Day #3 found Susan, Ernie & I getting up early for breakfast and then Susan & I hit the road to WWWanda’s. We had spent the evening before making centers for Susan’s contribution to the 2-day candy making marathon. I made Strawberry centers for BonBons. I’ll include my recipe at the bottom of this post.
Apache Kat and I made friends quickly. Apache sleeps in the bathroom so we spent lots of one-on-one girl time with each other. 🙂 PB also took to me right away.

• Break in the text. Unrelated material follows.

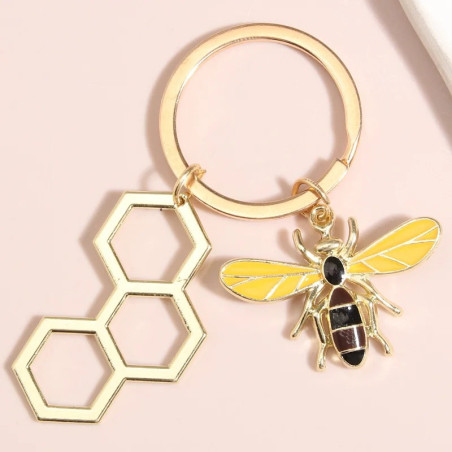 Llavero Abeja Hexágono Dorado – Minimalismo y Naturaleza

Susan and I talked all the way to Wanda’s house in Winters, TX. after a brief stop at a gas station. It was *so* nice to be able to spend time with Susan—just the 2 of us. We tell each other that we’re long lost sisters separated at birth. Lol. We are so much alike. We got to Wanda’s and walked into some serious candy making going on.
Some of these pictures, I just can’t remember who took them! So, if a picture belongs to you, please let me know so I can give you credit. They have the art of melting chocolate and keeping it warm for dipping down to a fine science. They melt it in the microwave and keep it warm in an electric skillet with water not quite to the simmering point. I heard Wanda say that if steam was coming off the water, that it was too hot.
If you drop chocolate in the water, it’s just lost because you can’t mix water & chocolate.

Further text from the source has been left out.